Among the chief early benefactions were the churches of Snitterfield and Haselor; lands at Claverdon, Solihull, Upton, and Lighthorne; a stone house and grounds in Warwick; and the church of St. Clement Danes, London, with certain lands and rents. (fn. 2)
In May, 1280, the king granted for life, with the assent of his brother Edmund, to the bishop of Llandaff to have his inn in the inn of the canons of the order of the Holy Sepulchre of Warwick, which was opposite St. Clements, without the Bar of the New Temple, whenever he came to London. (fn. 3)
The Taxation (fn. 4) of 1291 gave the annual value of the temporalities of the house of St. Sepulchre as £4 3s. The spiritualities then consisted of portions or pensions from the following churches:—St. Nicholas, Warwick, 2s., St. Mary's, Warwick, 6s. 8d., Snitterfield, 13s. 4d., Pillerton, 5s., and Butlers Marston, 13s. 4d.
The prior and canons in 1323 exchanged the advowson of St. Clement Danes and their property in that parish with Walter Stapleton, bishop of Exeter, for eight acres of land at Snitterfield and the appropriation of that church. (fn. 5)
The sheriff of Warwick was ordered in July, 1324, to cause the prior of St. Sepulchre to have seisin of eight acres of land in Hatton, as the king learnt by inquisition taken by the escheator that Joan Mordak, who was hanged for felony, held them of the prior, and that they had been in the king's hands for a year and a day. (fn. 6)
The appropriation of the church of Greetham, Rutland, the advowson of which had been granted to this priory temp. Henry III, was sanctioned in the reign of Edward III. (fn. 7)
The priory was visited by Bishop Giffard in 1269. In 1284 the prior withdrew without reasonable cause, whereupon the bishop appointed brother William de Bereford, one of the canons, to take charge of the priory until his return; the bishop wrote at the same time to the earl of Warwick telling him of the departure of the prior and of the temporary appointment. The sub-prior and other canons were enjoined meanwhile to give obedience to William de Bereford. (fn. 8) In 1285 a mandate from Pope Alexander, addressed generally to archbishops, bishops, abbots, &c., to excommunicate laymen and suspend clerics who laid violent hands on the brothers of St. Sepulchre, Warwick, or carried away their goods, was transcribed in the episcopal registry. (fn. 9) A letter from the bishop to Prior William de Bereford in 1289 appointed Hugh called Tankard to act as his coadjutor. (fn. 10) The priory was again visited by the bishop on 27 January, 1290. (fn. 11) On 25 March, 1290, the bishop wrote to the earl of Warwick, as patron of the priory, acquainting him with the election of brother Hugh de Brekes, formerly canon of Kenilworth, by the brothers, as their prior. (fn. 12)

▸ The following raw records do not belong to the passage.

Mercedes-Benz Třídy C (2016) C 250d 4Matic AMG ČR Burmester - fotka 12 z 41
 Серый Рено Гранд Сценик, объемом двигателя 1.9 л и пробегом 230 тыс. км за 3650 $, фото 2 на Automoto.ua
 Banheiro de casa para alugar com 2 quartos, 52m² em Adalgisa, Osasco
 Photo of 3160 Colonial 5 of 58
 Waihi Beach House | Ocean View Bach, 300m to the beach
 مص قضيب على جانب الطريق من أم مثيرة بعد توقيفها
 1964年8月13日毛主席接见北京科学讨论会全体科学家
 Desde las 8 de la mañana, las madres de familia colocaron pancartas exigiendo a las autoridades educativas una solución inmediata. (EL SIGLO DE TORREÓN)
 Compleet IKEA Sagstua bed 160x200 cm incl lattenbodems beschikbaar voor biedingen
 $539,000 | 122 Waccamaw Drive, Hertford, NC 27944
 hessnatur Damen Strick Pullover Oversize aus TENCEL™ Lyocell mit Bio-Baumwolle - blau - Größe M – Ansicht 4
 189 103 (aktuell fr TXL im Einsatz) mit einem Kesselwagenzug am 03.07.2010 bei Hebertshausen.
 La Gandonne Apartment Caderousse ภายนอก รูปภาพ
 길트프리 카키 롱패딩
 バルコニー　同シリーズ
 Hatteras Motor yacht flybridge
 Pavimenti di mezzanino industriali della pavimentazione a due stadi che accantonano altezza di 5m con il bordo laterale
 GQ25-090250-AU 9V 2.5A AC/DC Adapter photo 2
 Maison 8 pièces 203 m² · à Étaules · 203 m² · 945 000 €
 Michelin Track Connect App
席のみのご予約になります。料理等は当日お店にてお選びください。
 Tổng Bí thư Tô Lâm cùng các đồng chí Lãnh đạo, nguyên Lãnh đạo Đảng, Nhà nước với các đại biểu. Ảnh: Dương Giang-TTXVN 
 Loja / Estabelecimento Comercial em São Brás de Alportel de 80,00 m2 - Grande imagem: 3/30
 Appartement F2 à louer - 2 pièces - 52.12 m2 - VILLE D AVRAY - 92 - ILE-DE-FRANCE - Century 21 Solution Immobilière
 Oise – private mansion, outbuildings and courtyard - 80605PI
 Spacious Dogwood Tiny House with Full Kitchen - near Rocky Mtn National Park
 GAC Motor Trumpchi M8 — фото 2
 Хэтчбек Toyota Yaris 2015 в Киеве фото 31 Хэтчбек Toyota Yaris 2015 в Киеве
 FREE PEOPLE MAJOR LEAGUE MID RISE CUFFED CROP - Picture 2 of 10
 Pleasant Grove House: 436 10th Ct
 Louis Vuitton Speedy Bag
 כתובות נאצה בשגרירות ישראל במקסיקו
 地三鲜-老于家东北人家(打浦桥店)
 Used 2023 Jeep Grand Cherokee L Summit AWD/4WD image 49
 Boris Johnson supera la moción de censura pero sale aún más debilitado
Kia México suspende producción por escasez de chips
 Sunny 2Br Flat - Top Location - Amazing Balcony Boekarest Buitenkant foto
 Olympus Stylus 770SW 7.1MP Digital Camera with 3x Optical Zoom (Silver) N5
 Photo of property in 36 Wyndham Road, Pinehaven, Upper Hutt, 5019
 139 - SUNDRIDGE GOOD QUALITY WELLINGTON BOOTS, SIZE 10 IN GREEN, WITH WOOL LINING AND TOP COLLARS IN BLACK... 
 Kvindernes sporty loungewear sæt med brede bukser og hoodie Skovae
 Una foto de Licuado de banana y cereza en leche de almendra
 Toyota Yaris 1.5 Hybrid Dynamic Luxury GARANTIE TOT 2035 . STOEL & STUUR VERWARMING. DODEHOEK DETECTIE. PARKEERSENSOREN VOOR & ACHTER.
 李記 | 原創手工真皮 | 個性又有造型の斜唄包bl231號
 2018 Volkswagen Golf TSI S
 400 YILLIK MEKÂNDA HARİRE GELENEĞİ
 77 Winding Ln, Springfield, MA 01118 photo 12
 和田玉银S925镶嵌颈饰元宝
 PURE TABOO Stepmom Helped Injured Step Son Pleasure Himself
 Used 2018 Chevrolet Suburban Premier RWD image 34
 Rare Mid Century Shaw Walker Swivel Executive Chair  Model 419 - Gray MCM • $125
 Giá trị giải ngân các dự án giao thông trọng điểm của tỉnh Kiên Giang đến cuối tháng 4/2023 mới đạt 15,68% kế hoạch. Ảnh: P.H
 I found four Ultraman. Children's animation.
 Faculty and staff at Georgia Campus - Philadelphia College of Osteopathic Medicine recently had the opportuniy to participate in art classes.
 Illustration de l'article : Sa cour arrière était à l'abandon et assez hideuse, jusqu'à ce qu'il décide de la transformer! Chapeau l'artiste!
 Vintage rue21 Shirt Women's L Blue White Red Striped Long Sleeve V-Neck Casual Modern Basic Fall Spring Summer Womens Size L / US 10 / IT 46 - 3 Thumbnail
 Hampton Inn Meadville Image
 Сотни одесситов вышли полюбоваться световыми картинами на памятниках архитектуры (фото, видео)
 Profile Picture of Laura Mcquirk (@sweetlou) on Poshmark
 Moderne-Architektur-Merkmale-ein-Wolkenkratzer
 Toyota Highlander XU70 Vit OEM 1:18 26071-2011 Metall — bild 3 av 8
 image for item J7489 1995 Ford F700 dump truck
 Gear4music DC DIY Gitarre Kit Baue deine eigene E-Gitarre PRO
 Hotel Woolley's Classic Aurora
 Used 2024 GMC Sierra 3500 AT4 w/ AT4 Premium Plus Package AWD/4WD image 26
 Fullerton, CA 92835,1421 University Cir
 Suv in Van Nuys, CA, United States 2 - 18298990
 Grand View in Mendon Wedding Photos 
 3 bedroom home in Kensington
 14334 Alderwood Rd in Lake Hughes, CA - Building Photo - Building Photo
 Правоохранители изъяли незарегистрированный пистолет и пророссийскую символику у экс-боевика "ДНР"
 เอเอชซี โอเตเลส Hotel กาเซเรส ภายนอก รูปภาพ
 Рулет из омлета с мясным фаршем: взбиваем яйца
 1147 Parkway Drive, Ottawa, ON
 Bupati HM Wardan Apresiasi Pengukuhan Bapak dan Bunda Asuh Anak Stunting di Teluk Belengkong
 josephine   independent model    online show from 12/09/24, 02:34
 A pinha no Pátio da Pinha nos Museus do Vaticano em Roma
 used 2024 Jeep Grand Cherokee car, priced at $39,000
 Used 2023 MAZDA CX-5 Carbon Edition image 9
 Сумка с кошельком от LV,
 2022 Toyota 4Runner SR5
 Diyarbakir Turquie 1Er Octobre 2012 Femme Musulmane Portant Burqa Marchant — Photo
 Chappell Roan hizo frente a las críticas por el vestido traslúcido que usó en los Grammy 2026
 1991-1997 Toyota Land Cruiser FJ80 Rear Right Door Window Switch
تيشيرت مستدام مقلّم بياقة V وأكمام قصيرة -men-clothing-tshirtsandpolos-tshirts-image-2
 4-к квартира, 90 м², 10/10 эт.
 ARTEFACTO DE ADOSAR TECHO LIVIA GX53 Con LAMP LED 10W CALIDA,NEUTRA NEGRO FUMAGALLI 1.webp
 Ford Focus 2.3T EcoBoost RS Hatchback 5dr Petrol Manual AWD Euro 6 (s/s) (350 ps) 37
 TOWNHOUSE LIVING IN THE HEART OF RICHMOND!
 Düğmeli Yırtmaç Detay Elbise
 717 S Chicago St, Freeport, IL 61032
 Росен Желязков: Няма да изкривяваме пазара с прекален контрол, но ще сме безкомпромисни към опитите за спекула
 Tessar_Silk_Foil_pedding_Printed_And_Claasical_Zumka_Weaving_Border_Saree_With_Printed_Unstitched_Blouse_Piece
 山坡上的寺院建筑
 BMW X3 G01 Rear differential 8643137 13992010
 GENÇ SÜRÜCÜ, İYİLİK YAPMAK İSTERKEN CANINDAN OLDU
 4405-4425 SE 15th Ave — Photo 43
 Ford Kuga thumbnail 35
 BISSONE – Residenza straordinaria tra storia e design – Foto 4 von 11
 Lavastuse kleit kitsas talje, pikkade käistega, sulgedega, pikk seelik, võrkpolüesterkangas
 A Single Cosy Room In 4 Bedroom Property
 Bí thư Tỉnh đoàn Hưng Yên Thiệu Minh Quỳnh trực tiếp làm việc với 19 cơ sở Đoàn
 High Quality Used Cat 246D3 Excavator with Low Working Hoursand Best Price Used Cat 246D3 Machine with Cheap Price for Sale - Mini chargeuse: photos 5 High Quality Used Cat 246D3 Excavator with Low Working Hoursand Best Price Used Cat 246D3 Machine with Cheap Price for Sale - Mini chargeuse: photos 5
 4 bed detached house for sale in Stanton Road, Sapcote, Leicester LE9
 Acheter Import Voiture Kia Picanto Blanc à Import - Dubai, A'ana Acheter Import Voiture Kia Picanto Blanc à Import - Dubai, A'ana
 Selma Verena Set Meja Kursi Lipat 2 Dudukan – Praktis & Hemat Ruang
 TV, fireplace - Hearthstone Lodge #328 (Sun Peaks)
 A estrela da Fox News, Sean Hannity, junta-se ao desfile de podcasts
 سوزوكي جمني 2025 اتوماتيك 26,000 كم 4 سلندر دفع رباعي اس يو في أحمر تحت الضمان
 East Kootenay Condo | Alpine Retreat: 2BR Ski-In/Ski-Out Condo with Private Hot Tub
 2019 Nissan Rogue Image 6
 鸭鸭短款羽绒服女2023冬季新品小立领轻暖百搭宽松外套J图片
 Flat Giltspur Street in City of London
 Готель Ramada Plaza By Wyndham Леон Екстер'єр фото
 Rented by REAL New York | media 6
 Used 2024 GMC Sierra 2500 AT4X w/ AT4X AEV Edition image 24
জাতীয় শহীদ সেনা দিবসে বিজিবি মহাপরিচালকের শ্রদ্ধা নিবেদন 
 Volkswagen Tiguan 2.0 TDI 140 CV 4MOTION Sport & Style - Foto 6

As the result of a visitation in 1303, the canons were inhibited from alienating their goods as they had been doing. (fn. 13)
The visitation of the priory of St. Sepulchre by the prior of Worcester or his commissaries during the vacancy of the see is recorded on five different occasions in the Sede Vacante register (1301-1435), but nothing was noted worthy of reformation. The mandate for the visitation of 1339 requested that the names of the brethren should be forwarded before the visitation was held. The certificate of the prior and convent of St. Sepulchre showed that their number was then nine, namely:—William de Wilton, prior, William de Wigornia, sub-prior, John de Wigornia, sacrist, and William de Coderugg, Richard de Kyngton, Henry de Wylmeleygton, Richard de Kekyngwych, John de Kyngeslone, and Robert de Coderugg. (fn. 14)
In 1512 Bishop Silvester de Gigliis visited his diocese by commission. The prior and convent of St. Sepulchre refused admission to the vicargeneral, but the official of the court of Canterbury decided against the priory, and submission was made in the following year to the jurisdiction of the vicar-general. (fn. 15)
On 8 November, 1513, Prior Itchington resigned his office. In consequence of some irregularity Bishop Silvester de Gigliis committed the administration and custody of the house, on 4 February, 1514, to Thomas Atwode, prior of Studley, for the term of six months.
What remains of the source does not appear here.